A presidente da Sabesp, Karla Bertocco, demonstrou insatisfação com a forma como tem sido conduzida a Medida Provisória (MP) nº 844, que altera marco regulatório do saneamento. O texto contém pautas que atingem diretamente uma companhia estadual como a Sabesp. A executiva criticou tanto a forma como o momento em que a MP foi posta em pauta.

A MP tem como pontos mais polêmicos o aumento do poder da Agência Nacional de Águas (ANA) como reguladora do setor e a obrigatoriedade de chamamento público quando ocorrer renovação dos contratos de municípios com as companhias estaduais, caso da estatal paulista.

O conteúdo da medida era discutido entre os diversos entes desde o ano passado, mas o anúncio da assinatura foi feito de surpresa, poucas horas antes da cerimônia. "O que acho complicado dessa discussão é que praticamente nada do que foi discutido foi incorporado à MP", afirmou Karla.

A empresa questiona também a condução da proposta, uma vez que uma MP carrega como argumento a relevância e a urgência. "O que mudou na vida do saneamento nesses poucos mais de 20 dias da MP? Até onde eu sei, nada", questiona. "E os dispositivos mais questionados só vão ser implementados daqui anos."

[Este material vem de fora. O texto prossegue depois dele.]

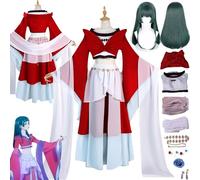 FRYWORK Anime Personaje Maomao Nueva Piel Disfraz de cosplay The Apothecary Diaries Uniforme Conjunto Completo Halloween Fiesta Carnaval Traje de vestir con Peluca para Mujeres (XXL)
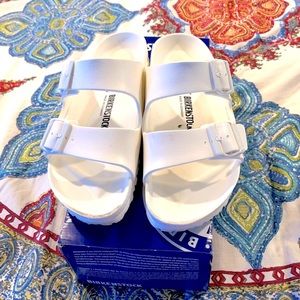Birkenstock white water shoes size 39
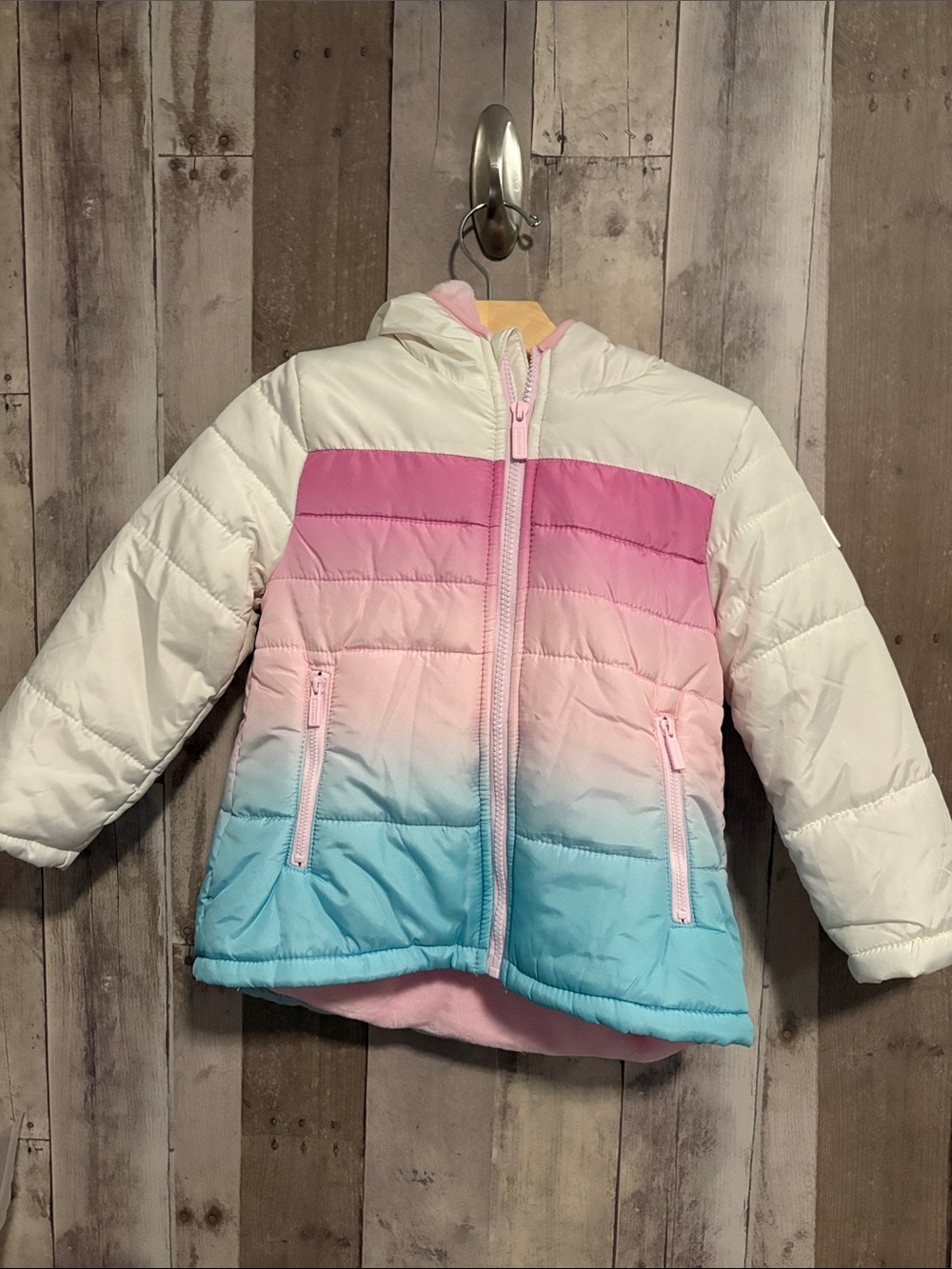 Hunter winter jacket ombré puffer size 5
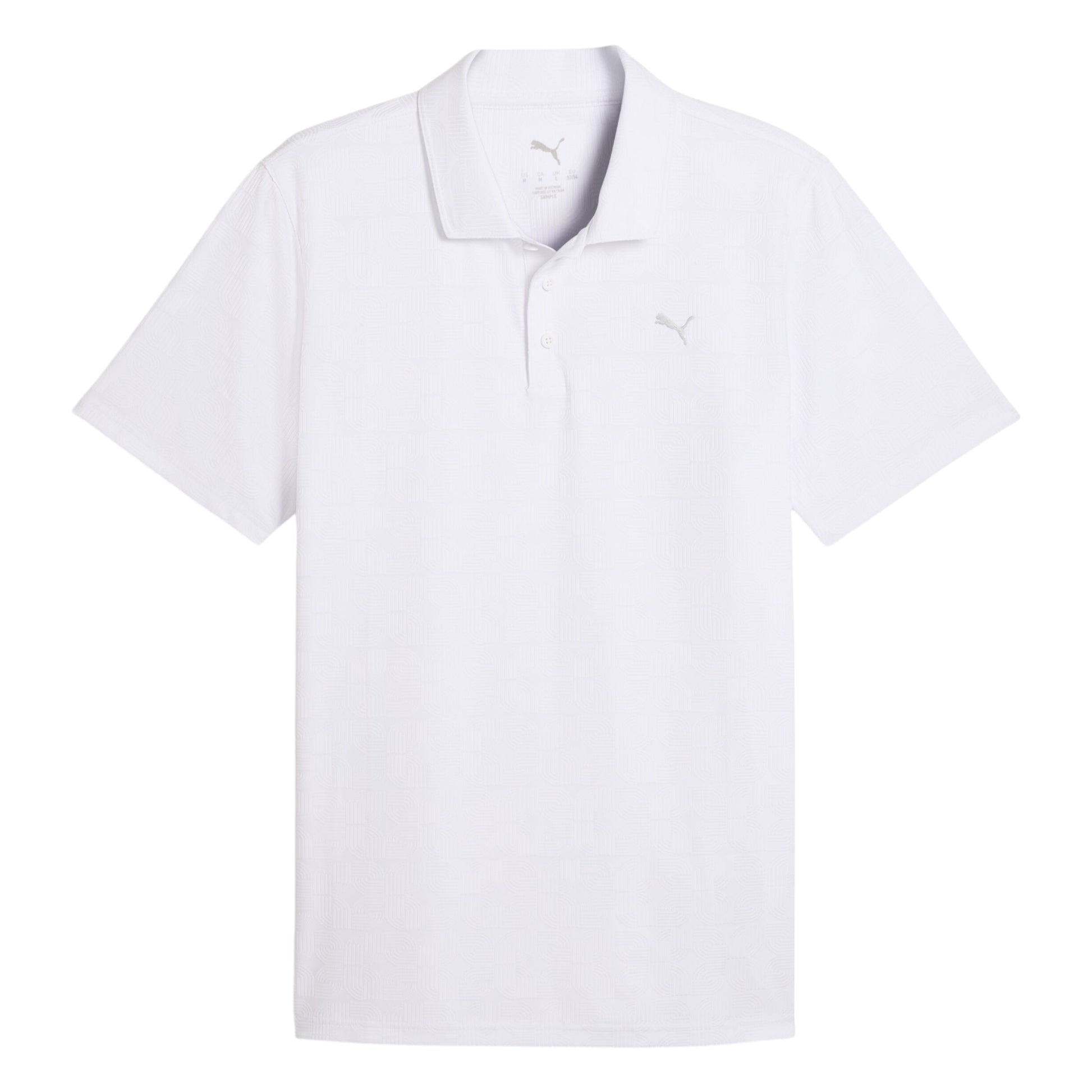 Puma MATTR Deco Jacquard Golf Polo Shirt 634843
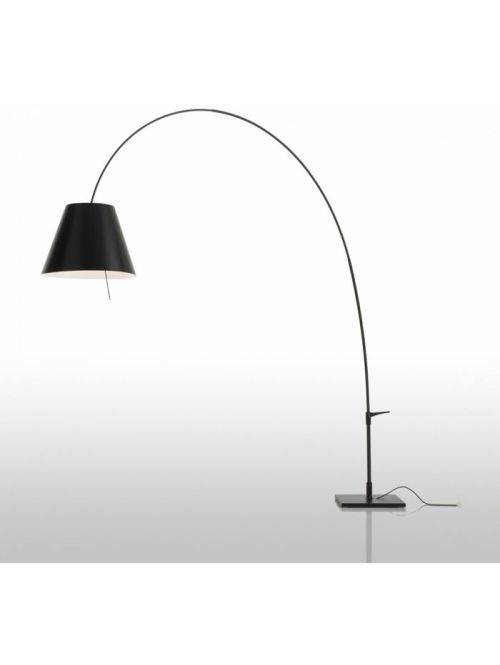 Arc Floor Lamp Aluminum Frame Conical Shade Telescoping Design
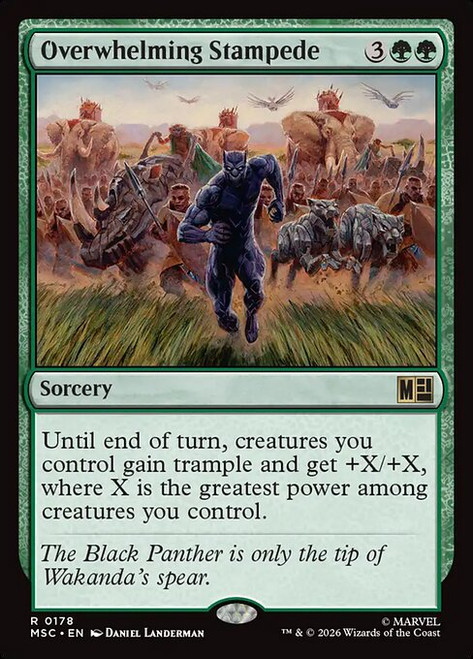Overwhelming Stampede (MSC) (#178)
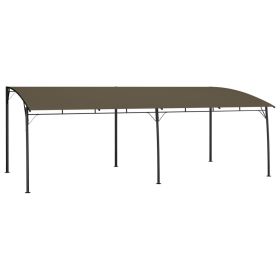 Garden Sunshade Awning 19.7'x9.8'x8.4' Taupe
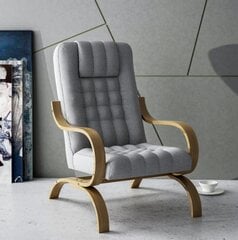 Финское стеганое кресло Finka, серое цена и информация | скамейка со столиком | 220.lv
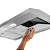Depurador Slim Suggar 80cm DPS181PR Prata - Dupla Filtragem, 03 velocidades, Coifa e Depurador - Imagem 4
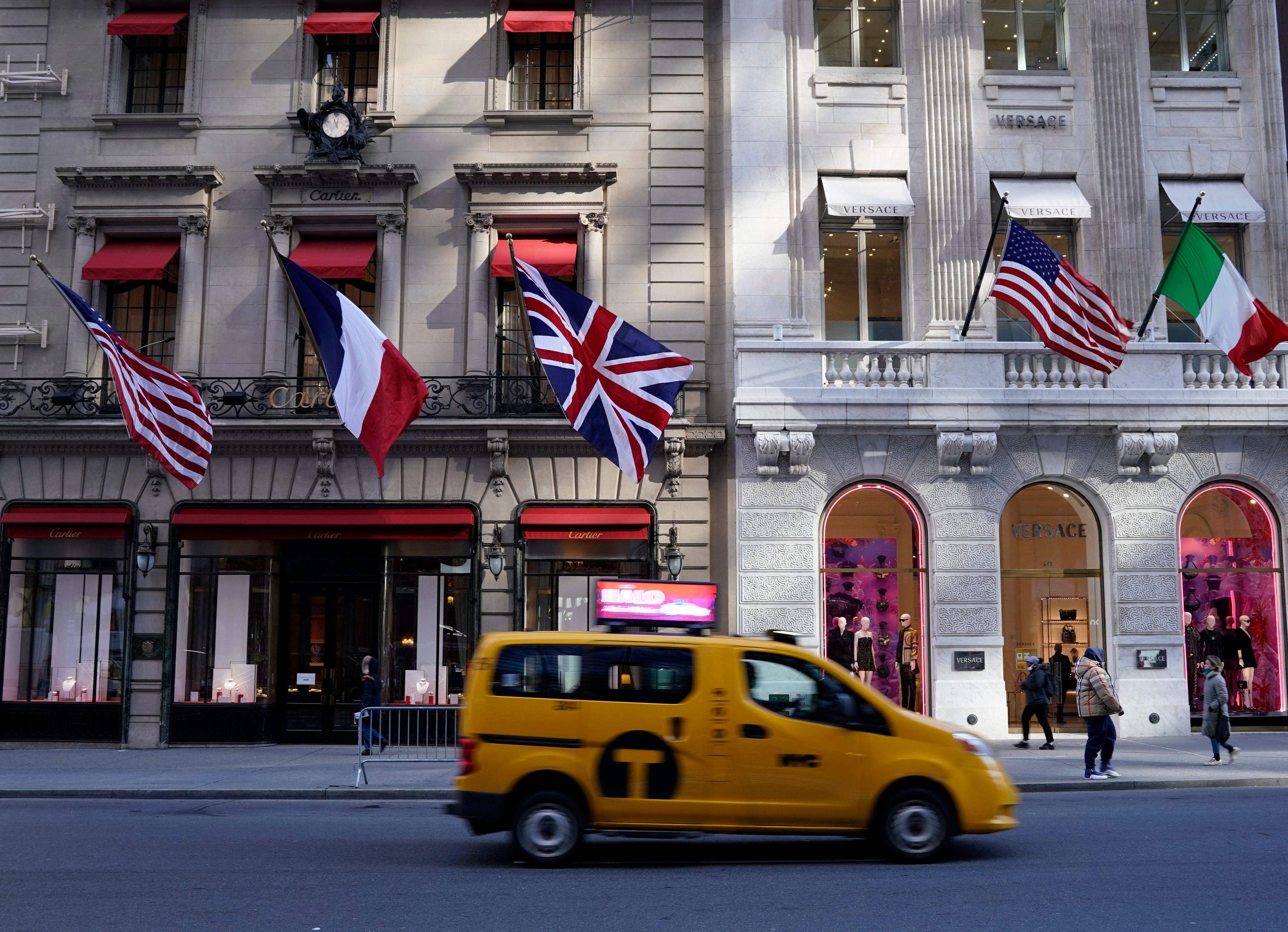 The woman plummeted around 10-feet after falling into the manhole near Cartier on Fifth Avenue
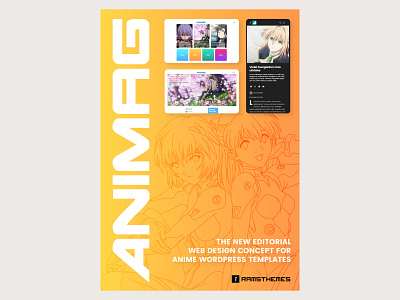 ANIMAG - Anime and Manga Magazine WordPress Theme Ad 1 advertising anime design editorial design graphic design manga minimalistic poster typography ui ux web wordpress design wordpress theme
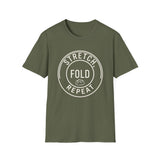 Stretch, Fold, Repeat Shirt, Funny Sourdough Shirt, Sourdough Starter Gift, Bread Baker Tee, Homestead Baking Gift
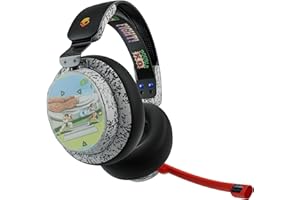 Skullcandy PLYR Cuffie da Gioco Wireless Over-Ear Multipiattaforma, 24 Ore di Autonomia, Enhanced Sound Perception e Microfono, Compatibili con Xbox, Playstation e Computer - Street Fighter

A executiva exemplifica a questão da ANA, que ainda precisará se estruturar para ter capacidade de organizar o setor de saneamento. Nesse cenário, a chance de a MP ser convertida em lei é vista como baixa. Outra questão apontada são as 525 emendas sugeridas pelos congressistas ao texto em 11 dias.

A presidente da Sabesp também questiona a segurança jurídica da MP, vendo principalmente riscos relacionados a compensação dos ativos não amortizados na ocasião de troca de operadora.

"Por ser feito dessa forma, minha leitura é de que recrudesceu a relação público-privada. Eu acredito nessa relação, eu trabalhei com isso de forma intensa nos últimos cinco anos. A discussão deveria ser como melhorar os índices de cobertura no Brasil", disse.